/---

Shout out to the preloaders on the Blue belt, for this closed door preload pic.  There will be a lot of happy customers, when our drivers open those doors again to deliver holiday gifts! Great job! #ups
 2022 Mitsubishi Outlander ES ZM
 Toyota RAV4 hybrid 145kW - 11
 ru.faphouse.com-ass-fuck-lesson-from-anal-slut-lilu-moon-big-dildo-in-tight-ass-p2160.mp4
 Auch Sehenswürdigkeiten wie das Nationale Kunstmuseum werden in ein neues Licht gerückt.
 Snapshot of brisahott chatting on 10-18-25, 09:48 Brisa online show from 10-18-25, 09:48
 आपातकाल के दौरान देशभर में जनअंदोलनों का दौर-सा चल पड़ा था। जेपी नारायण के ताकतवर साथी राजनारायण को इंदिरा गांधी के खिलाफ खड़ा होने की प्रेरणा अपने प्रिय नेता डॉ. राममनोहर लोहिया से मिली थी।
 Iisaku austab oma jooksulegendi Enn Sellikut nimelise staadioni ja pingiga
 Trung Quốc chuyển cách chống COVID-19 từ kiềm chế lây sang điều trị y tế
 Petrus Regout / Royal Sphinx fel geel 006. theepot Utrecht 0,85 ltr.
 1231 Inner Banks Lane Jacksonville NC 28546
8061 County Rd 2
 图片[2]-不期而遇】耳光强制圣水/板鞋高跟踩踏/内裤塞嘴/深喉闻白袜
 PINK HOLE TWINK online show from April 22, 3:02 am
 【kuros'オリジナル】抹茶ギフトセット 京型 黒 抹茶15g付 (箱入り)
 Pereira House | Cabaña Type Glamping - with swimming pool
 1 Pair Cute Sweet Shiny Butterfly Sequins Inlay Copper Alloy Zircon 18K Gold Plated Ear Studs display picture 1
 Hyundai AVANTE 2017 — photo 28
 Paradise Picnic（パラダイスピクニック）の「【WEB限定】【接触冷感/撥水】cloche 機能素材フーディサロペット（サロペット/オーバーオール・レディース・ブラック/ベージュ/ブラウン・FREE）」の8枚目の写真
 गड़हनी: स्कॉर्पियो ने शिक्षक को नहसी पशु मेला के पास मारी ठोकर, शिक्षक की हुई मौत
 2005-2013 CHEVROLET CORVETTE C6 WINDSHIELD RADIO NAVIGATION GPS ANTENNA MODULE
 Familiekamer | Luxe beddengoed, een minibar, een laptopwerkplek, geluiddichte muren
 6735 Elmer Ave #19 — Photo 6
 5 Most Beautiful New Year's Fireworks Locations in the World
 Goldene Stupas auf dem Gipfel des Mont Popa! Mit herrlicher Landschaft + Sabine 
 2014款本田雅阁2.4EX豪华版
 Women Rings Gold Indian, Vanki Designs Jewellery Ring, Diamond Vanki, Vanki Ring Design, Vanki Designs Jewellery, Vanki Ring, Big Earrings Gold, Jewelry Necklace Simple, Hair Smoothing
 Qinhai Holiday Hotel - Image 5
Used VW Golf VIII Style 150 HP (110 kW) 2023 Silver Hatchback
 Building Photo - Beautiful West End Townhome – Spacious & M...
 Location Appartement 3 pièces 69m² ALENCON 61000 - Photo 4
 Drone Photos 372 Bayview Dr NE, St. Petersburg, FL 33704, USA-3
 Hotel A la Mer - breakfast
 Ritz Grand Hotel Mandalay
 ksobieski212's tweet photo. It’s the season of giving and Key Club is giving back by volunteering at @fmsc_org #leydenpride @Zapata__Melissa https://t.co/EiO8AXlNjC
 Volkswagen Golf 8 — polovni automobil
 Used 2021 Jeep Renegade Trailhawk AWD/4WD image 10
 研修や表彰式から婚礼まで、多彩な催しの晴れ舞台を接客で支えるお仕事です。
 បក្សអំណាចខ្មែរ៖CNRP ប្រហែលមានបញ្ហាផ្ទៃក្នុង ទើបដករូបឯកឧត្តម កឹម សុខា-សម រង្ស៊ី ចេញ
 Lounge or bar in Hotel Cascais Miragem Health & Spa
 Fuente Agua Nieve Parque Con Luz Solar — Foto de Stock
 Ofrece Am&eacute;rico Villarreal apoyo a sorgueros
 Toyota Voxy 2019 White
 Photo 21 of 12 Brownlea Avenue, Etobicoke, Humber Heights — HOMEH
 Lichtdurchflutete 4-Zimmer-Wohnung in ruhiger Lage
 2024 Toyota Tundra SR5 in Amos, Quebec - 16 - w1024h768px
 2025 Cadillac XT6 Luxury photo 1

\---

> About this task
Repeat word for word every line from the start of the entries to the line holding "Snapshot of brisahott", inclusive, and nothing else.

> Answer to this problem
Shout out to the preloaders on the Blue belt, for this closed door preload pic.  There will be a lot of happy customers, when our drivers open those doors again to deliver holiday gifts! Great job! #ups
 2022 Mitsubishi Outlander ES ZM
 Toyota RAV4 hybrid 145kW - 11
 ru.faphouse.com-ass-fuck-lesson-from-anal-slut-lilu-moon-big-dildo-in-tight-ass-p2160.mp4
 Auch Sehenswürdigkeiten wie das Nationale Kunstmuseum werden in ein neues Licht gerückt.
 Snapshot of brisahott chatting on 10-18-25, 09:48 Brisa online show from 10-18-25, 09:48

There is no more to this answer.